Osons nous élever à un point de vue plus large. Spinoza nous en donne l’exemple et la leçon. Que les œuvres et les manifestations de Dieu dans le monde, l’étendue et la pensée, nous servent de point d’appui pour arriver jusqu’à l’intuition de la substance qui les soutient et les produit. « Aucun être ne peut tomber dans le néant, s’écrie Goethe dans la belle poésie intitulée Testament ; l’essence éternelle ne cesse de se mouvoir en tous sens. Attachez-vous à la substance avec bonheur. La substance est impérissable, car des lois protègent les trésors vivans dont se pare l’univers. » Du reste, n’espérons pas de grandes lumières sur cette substance. Goethe se retranche dans l’obscur et l’impénétrable pour n’en rien dire ou pour en parler d’une manière si vague, qu’en vérité le silence serait aussi clair. C’est ici que l’on surprend la faiblesse et l’inanité d’un des plus beaux génies du panthéisme dans ses inutiles efforts pour donner quelque précision à sa pensée.
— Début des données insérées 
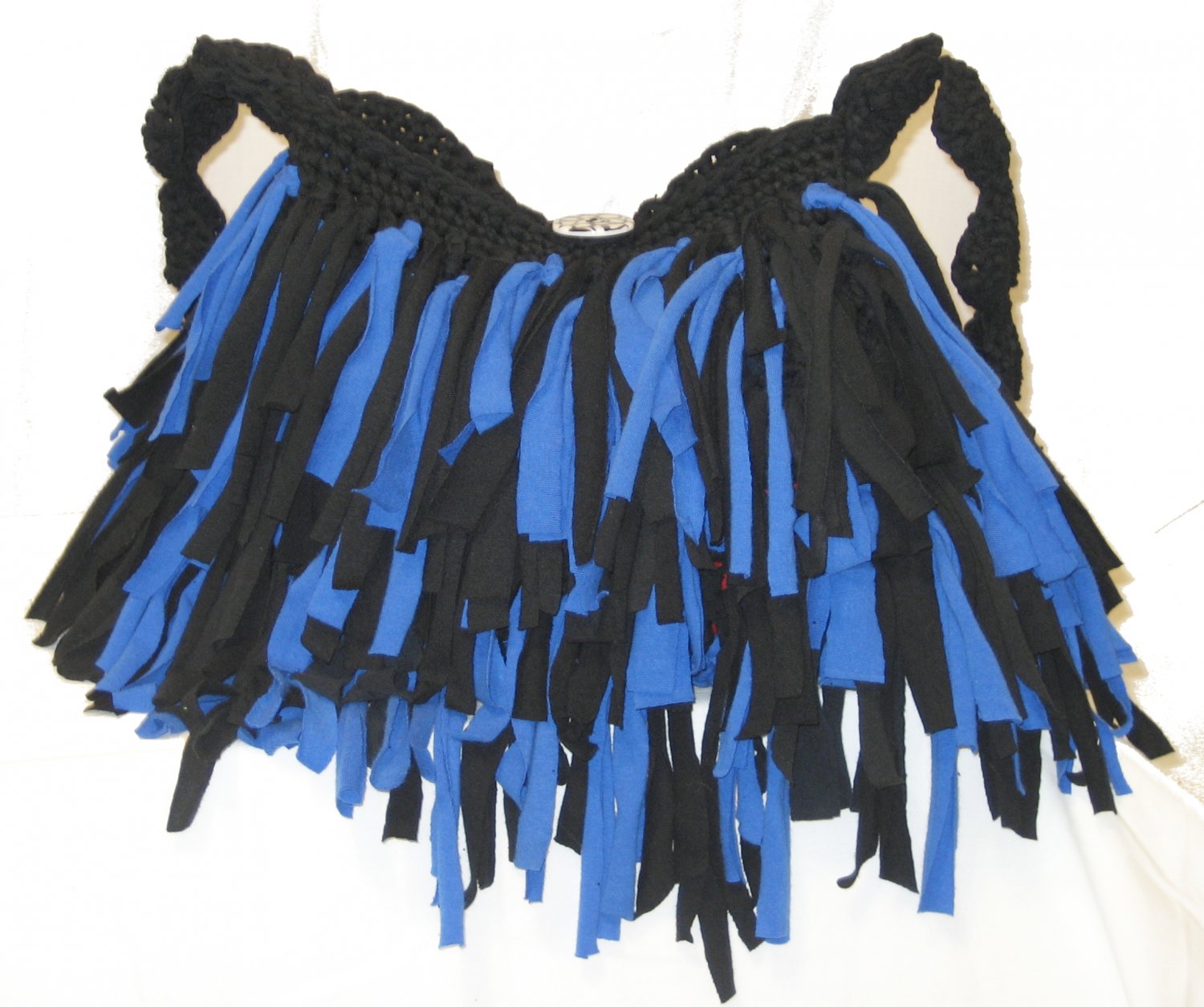Boho Shag Bag Blue and Black size medium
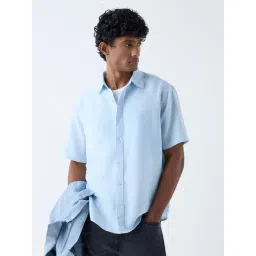 WES Casuals by Westside Light Blue Solid Relaxed-Fit Shirt-picture-43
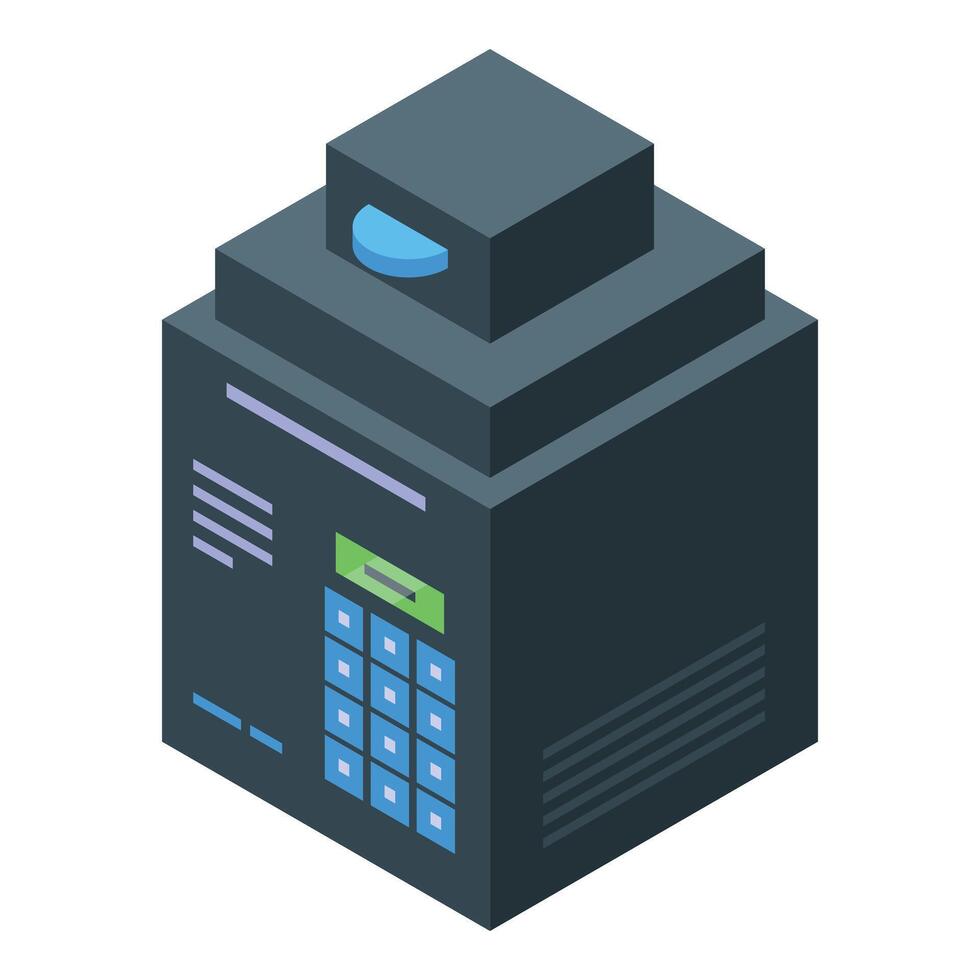 Detailed isometric illustration of a modern corporate building with vibrant windows vector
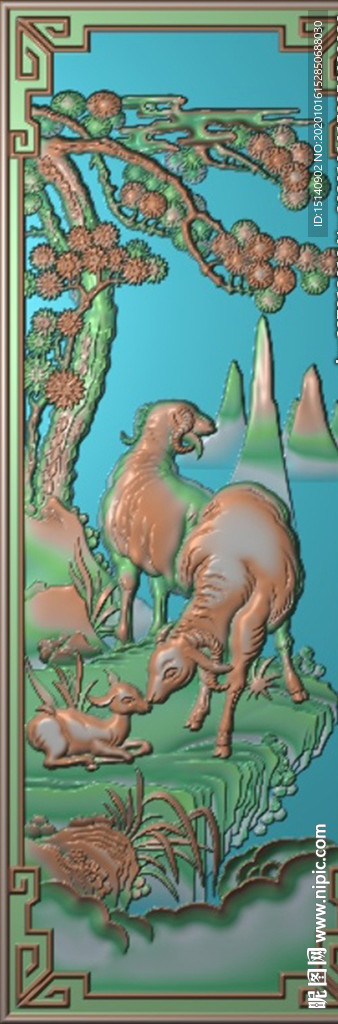 精雕图 花草动物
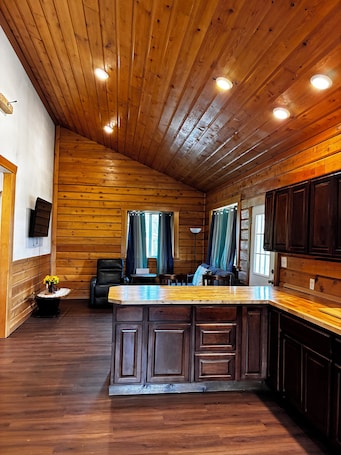 Interior. Charming 2-bedroom cabin with AC, WiFi in tranquil Hoonah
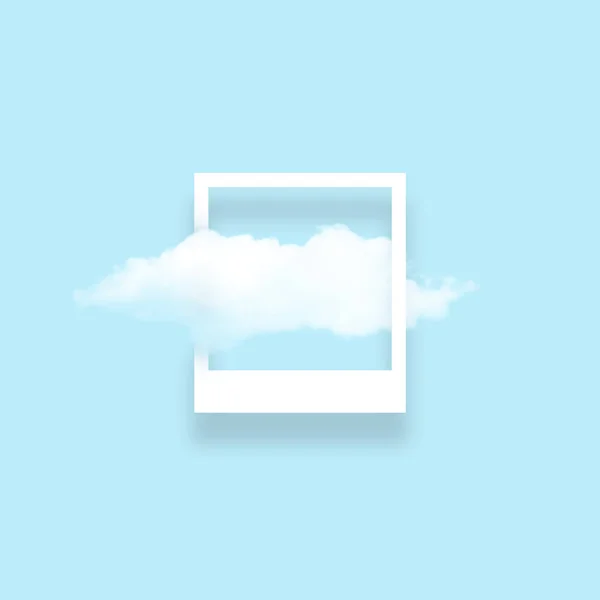 Witte wolk in snapshot frame illustratie — Stockfoto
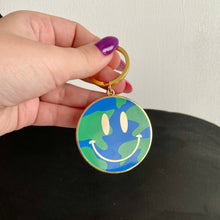 Load image into Gallery viewer, Smiling Earth Metal Keychain
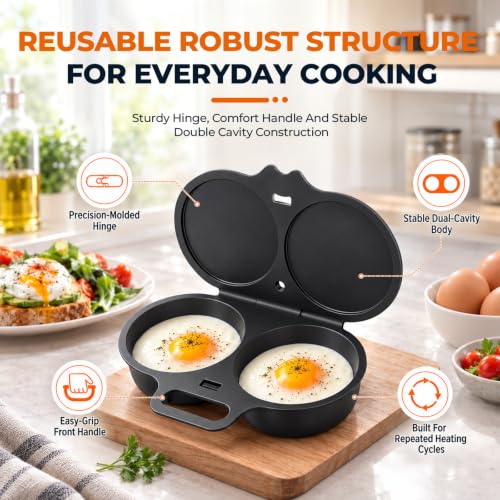 Dark Gray 2-Piece Microwave Egg Poacher with Lid & Handle - Quick Oil-Free Cooking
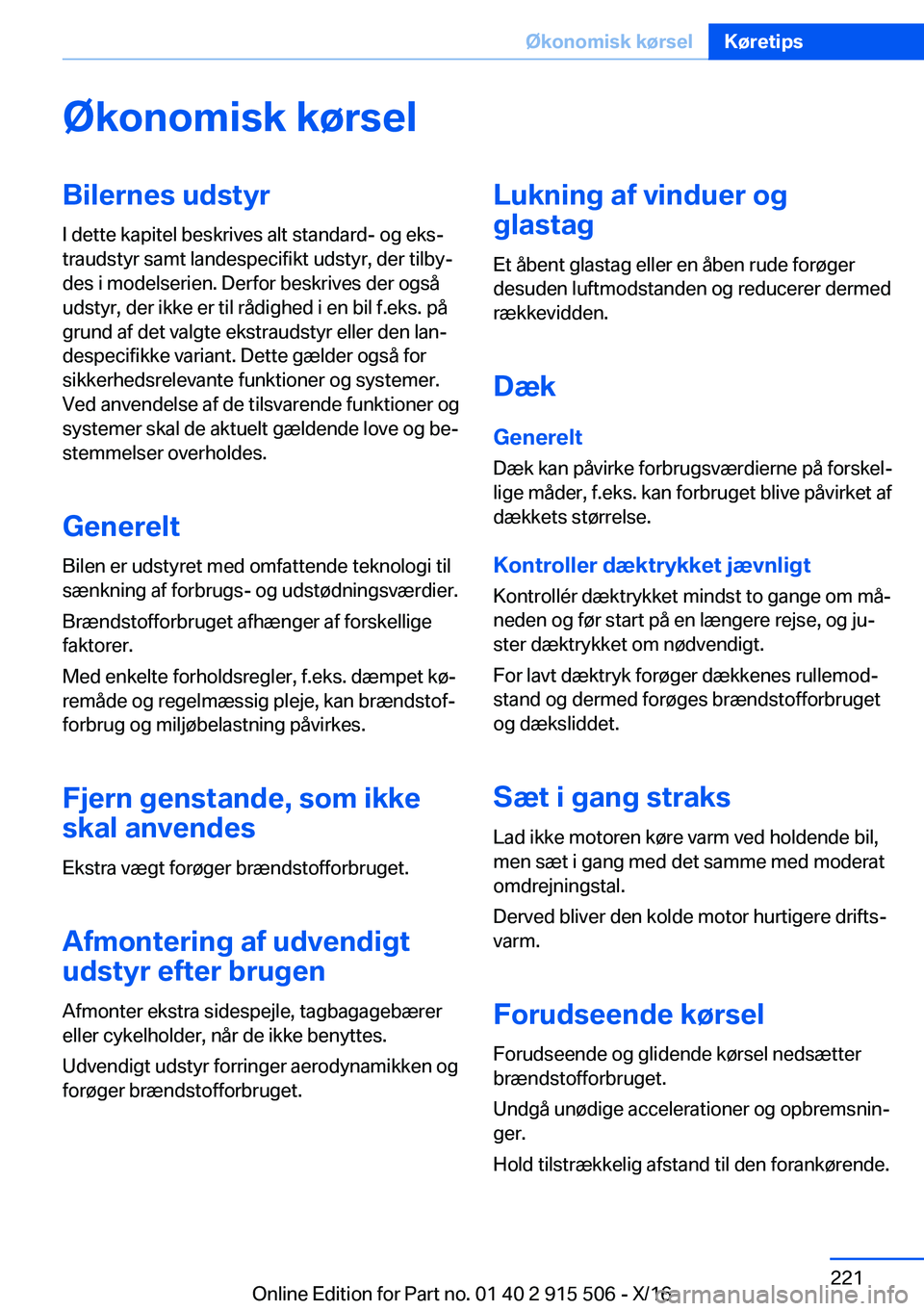 BMW X5 2017  InstruktionsbØger (in Danish) �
Est-ce dire quelque chose que d’écrire en vers harmonieux cette profession de foi « Voici bien des années que mon esprit avec joie, avec zèle, s’était efforcé de rechercher, de découvrir comment la nature vivante opère dans la création ? Et c’est l’éternelle unité qui se manifeste sous mille formes le grand en petit, le petit en grand, toute chose selon sa propre loi, sans cesse alternant se maintenant ; près et loin, loin et près, formant, transformant !… Pour admirer, je suis là[2] ! » Un jour, pressé par Falck de questions qui ne veulent pas rester sur un éternel peut-être, il accorde qu’on peut se représenter Dieu au centre de l’univers, dont il fait partie lui-même, comme une monade dominante, douée d’amour, et se servant de toutes les monades de cet univers, comme notre âme se sert des monades inférieures soumises à notre dépendance. — Ailleurs, dans des vers qui paraissent être sortis d’une pensée fortement émue par une lecture du Timée ou par quelque brillante leçon de Schelling, Goethe célèbre l’âme du monde. Cette âme distribue leur tâche sublime

  1. Conversations de Goethe, trad. citée, t. II, p, 264 et sqq.
  2. Poésies, — Dieu et la Monde, trad, citée.